The film's narrative structure therefore reflects my own knowledge journey, from one individual's intimate and private story to the history of an entire people. A broadening of both my perspective and knowledge.

I casted with Laura Muccino all over the world. We looked for both professional actors and people working in that field of culture. We got audition tapes back from every continent and that's how we met the poet Basir Ahang, who lives in Italy, and Dawood Yousefi.

They based their work on the physical and emotional memory of the feelings I talk about in the film, they see it as a reflection of their own stories. This was the film’s point of departure and strength with Basir and Dawood: both of them recognised their own generation’s story in the film. Before going on set, we held rehearsals and training sessions for months. Because they both needed to take on the passion of the character's way of thinking.

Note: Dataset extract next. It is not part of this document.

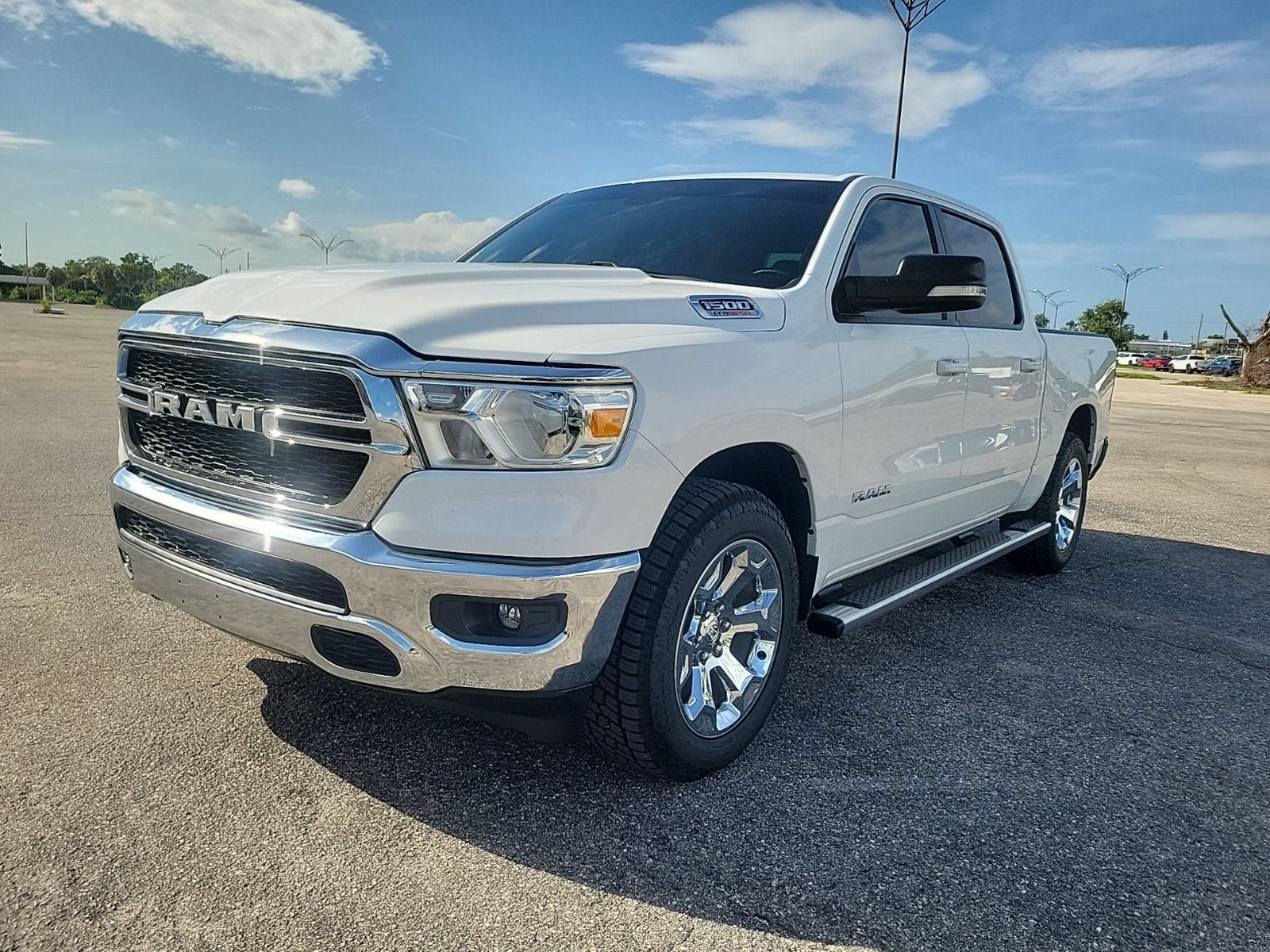 Used 2022 RAM 1500 Big Horn w/ Trailer Tow Group AWD/4WD image 2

How was it to work with the non-professionals and professionals together? How did you put these two sides together?
In order to invent a coherent world, you need to work very carefully. On the one hand, professional actors need to be in harmony with non-professional actors. And Tihana Lazovic, who plays the role of Nina, was very good at that. On the other hand, the film doesn't adopt a naturalistic approach and I would never say that Basir and Dawood are playing themselves. It’s only when Ismail is traveling in the film, that the camera records the moments when Basir Ahang experiences strong feelings. It’s at that point in the film that life enters the film and vice versa, such as in the mass scenes in which Ismail mixes with his people, becoming a part of them.

In which locations did you shoot the film, and how did you pick those locations? 
The film was shot in Italy, Trieste, and Iran, in a few areas where the Hazara people live.

Trieste is a city in which many cultures and languages have traditionally mixed, and is one of the arrival points for migrants coming through the Balkans. It’s a city that has closely experienced the effects of war and the contradictions of a Europe that still suffers from open wounds.

I chose Iran because Ismail is travelling towards his refugee people in countries that neighbour Afghanistan and I wanted to include older generations in the film, as well as numerous Hazara men and women, in whom our protagonist recognises himself. A bit like a journey back through his ancestry.

What were the biggest challenges during the production?
There have been so many challenges that it's hard to say. Production-wise, the biggest was shooting in Iran. I was told that no Italian film has been shot there since 1976 (The Desert of the Tartars by Valerio Zurlini) and we had to wait almost a year to get the necessary permissions.

The biggest challenge, from the point of view of feelings, was shooting the group scenes in Iran, because they were very emotional: all the women and men gave their most authentic feelings to the film, with love and generosity.